ROI : An acronym for “return-on-investment.” ROI is the percentage of profit from given digital marketing activity. For example, if you pay $50 a month for CPC advertising, and it leads to $500 in profit, your ROI would be 1000%.
Search Engine : A website that allows users to search the Web for specific information by entering keywords. Can include paid or organic listings of websites and sometimes specific images, products, videos, music, place entries or other enhanced results.
Search Term : The precise word or phrase(s) entered into a search engine by a user (also called a “query”).
Search-Engine Marketing (SEM) : A phrase sometimes used in contrast with “SEO” to describe paid search activities, SEM may also more generally refer to the broad range of search-marketing activities, either paid or organic.
Search-Engine Optimization (SEO) : The process of using website analysis and copy/design/structural adjustments to ensure both the highest possible positioning on desired search-engine results pages and the best experience for a given site’s users.
SEM : An abbreviation for “search engine marketing.”
SEO : An abbreviation for “search engine optimization.”
SERP : An acronym for “search engine results page,” displayed after a query is entered on a search engine.
Social Media : Refers to all online tools and places that are available for users to generate content and communicate through the Internet. These media include blogs, social networks, file-hosting sites, and bookmarking sites, among others.
Subscribing : The process of opting into an email newsletter or adding an RSS feed to an aggregator (e.g. for reading blog updates).
Tag : A keyword (often in a string) which is attached to a blog post, tweet (see “hashtag”), social bookmark or media file.
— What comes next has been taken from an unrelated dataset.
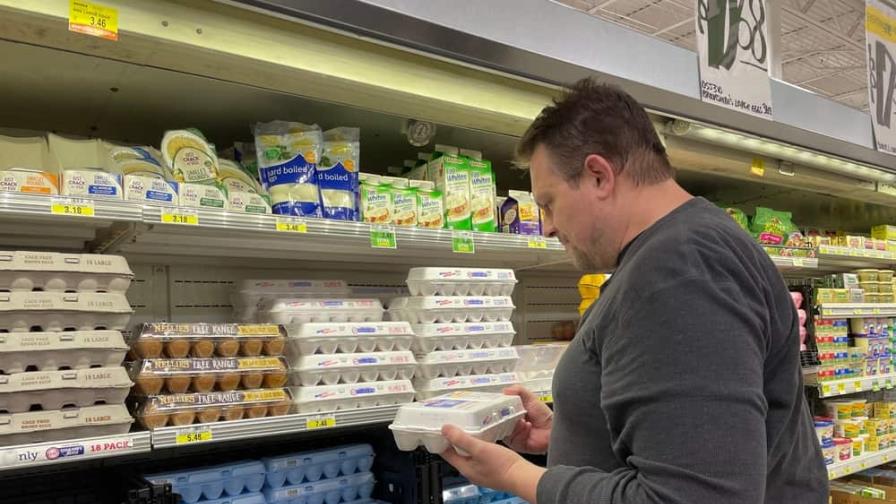 La tasa de inflación en EE.UU. baja una décima, hasta el 4.9 % en abril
Tags help categorize content by subject.
Total reach : The total exposure (measured in web users or “eyeballs”) of an advertisement or piece of content.
Tweet : A “tweet” is the special name for an entry made on the micro-blogging site, Twitter. Up to 280 characters long, tweets can consist of random status updates, news, commentary, or anything an individual wants to communicate to followers at that moment, including personal messages to other users or groups and links to external content (articles, photos, videos).
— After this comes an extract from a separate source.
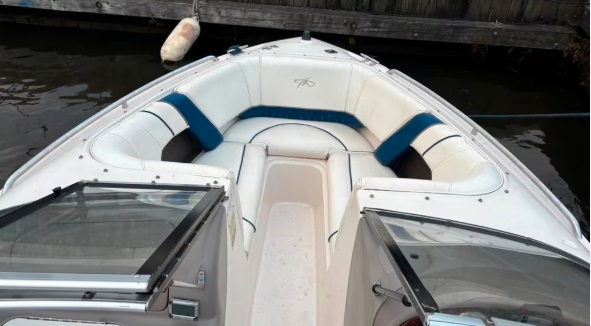 foto: 5 Montery4.3L Mercruiser V6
Twitter : Twitter is a micro-blogging platform which allows users to create profiles, share short updates on a timeline, and engage with other users, much like a social-networking site
UGC : See “user-generated content.”
Unique Visitor : Also known as “absolute unique visitor,” this statistic represents visitors to a website that are counted once in a given time period despite the possibility of having made multiple visits. Determined by cookies, unique visitors are distinguished from regular visitor counts which would classify two or more visits from the same user as multiple visitors.
URL : “Universal” or “uniform resource locator,” this string of letters and numbers separated by periods and slashes is unique for every Internet page. A page’s address must be written in this form in order to be found on the World Wide Web.
User-Generated Content : Commonly abbreviated as “UGC,” it is any piece of content created by a member of a given website’s audience for use on that website and sometimes to be freely distributed on the Web. Wikis (and Wikipedia) are examples of UGC
Webinar : A Web-based seminar containing audio and video, often in the form of a slide deck.
Wiki : Refers to any page or collection of pages on the Internet or an intranet that can be easily edited by the public or a selective group of registered visitors. Wikis are examples of collaboration. See “Wikipedia,” the most famous example of a wiki, below.
Wikipedia : A free, open-source, multilingual encyclopedia consisting of heavily edited user-generated content on topics of nearly every sort.
YouTube : The most popular video-hosting and video-sharing site, it is also currently the largest search engine after Google (incidentally, also owned by Google). Users can view, upload and comment on video content for no charge, though companies can pay for sponsored promotion of videos or to have enhanced branding and design capabilities on their profile pages, known as “channels.”